Ball motion with Sage

Jose Guzman(*) and Ignacio Delgado

version 1.0.1

December 09, 2009

(*) This file is under construction. Please send any suggestions or comments to [email protected]

Index

1. Introduction:

We will consider the equation to describe the vertical motion of a ball, and analyze and solve with Sage. Code is extensively commented through the notebook and should be self-explanatory. Comments and suggestions are greatly appreciated.

2. Ball motion equation:

From Newton's second law of motion we can write a mathematical formulation of a ball motion. With this equation we can calculate the ball's vertical position (y) according to the time as follows:

$y(t) = V_ot -\frac{1}{2}gt^2$

where $y$ is the vertical distance, $V_o$ is the initial velocity of the ball, $g$ is the acceleration of gravity, and $t$ is time.

# define equation
var('t,v0,g') # symbolic variables
y(t)=v0*t-(g*t**2)/2 # ball motion equation

#result = y.subs(v0=5,g=9.81,t=1)
#print result.pyobject() # we need pyobject() to get the value

3. Solving the equation with Sage:

We can look for for solutions to the equation a y=0, to know the time it takes for the ball to move upwards and returns to y again.

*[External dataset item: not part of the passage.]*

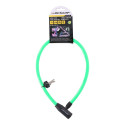 Dunlop - Cable, anti-theft bicycle lock (green)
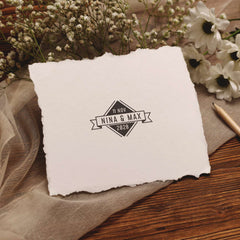 Timbro matrimonio retro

$V_ot -\frac{1}{2}gt^2 =0 ; t(V_o -\frac{1}{2}gt) = 0$

We have two possible solutions, corresponding to

$t=0$ or $t=2V_o/g$

We can easily solve this with Sage.

solve(y==0,t) # solve equation y=0 with respect to t

[t == 2*v0/g, t == 0]

We can calculate the maximal vertical distance reached by simply taking the derivative of the function and solve it against time.

${\displaystyle\frac{dy}{dt}=V_o -gt}$

Once Again, Sage allows us to perform this simple calculation.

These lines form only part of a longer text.